The affect heuristic helps simplify things by relying on pre-formed opinions – likes, dislikes, political allegiances, tribal connections and all the other sources of bias. The affect heuristic exaggerates the pluses related to things aligned with our biases, and minimises the negatives. So a conservative Albertan employed by the oil industry will tend to magnify the benefits of fracking while discounting the costs, even to the point of being unable to absorb factual data on the matter. Conversely, a person in rural Ontario with a love of the outdoors will do the exact opposite – exaggerate the costs of fracking and minimise the benefits.

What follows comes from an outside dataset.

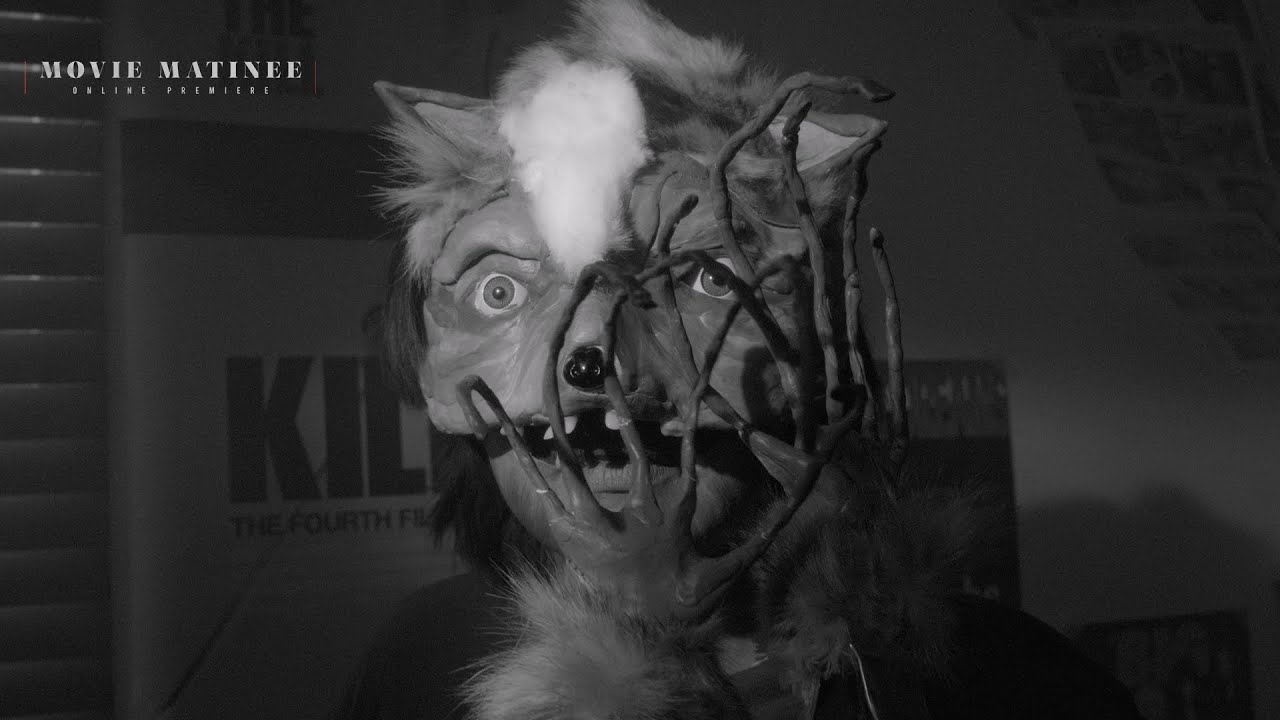 Critter (2023) A Short Film by Marianne Hébert-Beaulieu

A third heuristic that comes into play is availability. In the presence of vague, difficult to understand, or conflicting information, the availability heuristic pushes us to rely heavily on more easily available information, and what that means in practical terms is information that is more recent, has a larger emotional impact, or any other characteristics that will cause it to stick out more in the mental memory banks.

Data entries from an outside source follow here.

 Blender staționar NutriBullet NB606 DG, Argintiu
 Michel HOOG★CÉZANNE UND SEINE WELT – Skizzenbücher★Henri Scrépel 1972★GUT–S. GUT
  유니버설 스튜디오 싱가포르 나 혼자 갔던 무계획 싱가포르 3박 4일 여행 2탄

Combine these three heuristics and what can happen is coined an “availability cascade” by Kahneman, and perfectly explains the current oil sands and fracking debates. People go into these issues with pre-formed biases. The affect heuristic causes them to latch onto “agreeable” information and filter out “disagreeable” information. The availability and substitution heuristics cause people to soak up information with more emotional impact and which is perhaps unrelated to actual costs and benefits (stories of cow miscarriages) than that which is low emotional impact and very relevant (say job creation statistics). The media industry obviously relies on the affect and availability heuristics (no one wants to read dull news, and most people are only absorbing information which confirms their already formed opinions), and their pandering to a biased and captive audience acts as a feedback mechanism that stokes the availability heuristic. The more people get worked up over an issue, the more news articles there are, which heightens the availability, which works up people even more, and so on. At this point the issue is a runaway train – attempts by experts to inject System 2 logic to the debate are viewed as evidence of a conspiracy, which further stokes the cascade. The end result is polarised opinions on the issue, with little logical content. Worse, the high profile nature of the debate forces politicians to weigh in, in some case even basing policy on highly unreliable public opinions that are the products of System 1 heuristics.

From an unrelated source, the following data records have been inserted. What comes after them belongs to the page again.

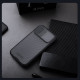 Juodas / skaidrus dėklas Apple iPhone 17 telefonui "Nillkin CamShield Pro Case"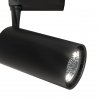 Трековый светильник Track lamps TR003-1-40W3K-B цилиндр черный Maytoni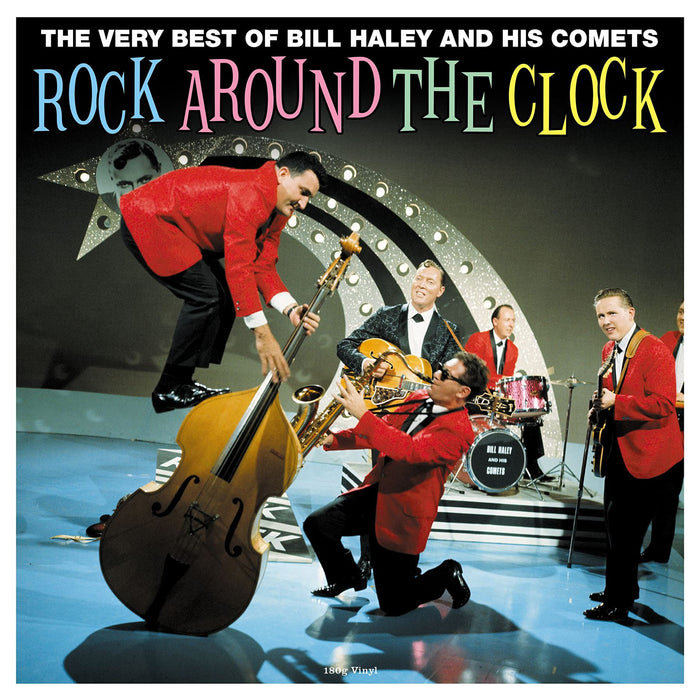 Bill Haley & His Comets - Rock Around The Clock Vbo - [Vinyl]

I suspect that this field will become more and more important as neuropsychology pusghes back to limits of our understanding of the human brain. I’m particularly interested to see if the field sheds light on gender differences. Kahneman remains silent on this (probably wisely), but I’m convinced heuristics can explain many of the differences between male and female thought processes. A former co-worker of mine used to say, “Women have different logic chips,” but I think I disagree. I think males and females deploy the same logic, more or less, and it’s in our heuristics where we really differ. In confusing situations (like being lost between Prague and Krakow) men and women react differently at a very instinctive level, and it is this that we find baffling in the opposite sex.

I hope I have conveyed enough on this topic to motivate readers to pursue the topic further on their own. Close to home, fellow CSEG member Matt Hall has written excellent geosciencefocused articles related to heuristics, and I have included a couple of these in the references. There just isn’t enough space here to do justice to the many heuristics and their interesting effects on how we think. But the bottom line is that as scientists who pride ourselves on our highly developed (System 2) logic, and indeed use it to earn a living, it behooves us to understand this other System 1 which is there day and night not necessarily doing what we think it is!


Hall, M (2010). The rational geoscientist. The Leading Edge 29 (5), May 2010, pp. 596- 601.

Hall, M (2012). Do you know what you think you know? CSEG RECORDER 37 (2), February 2012, pp. 30-34.

Kahneman, D. (2011). Thinking, fast and slow. Doubleday Canada.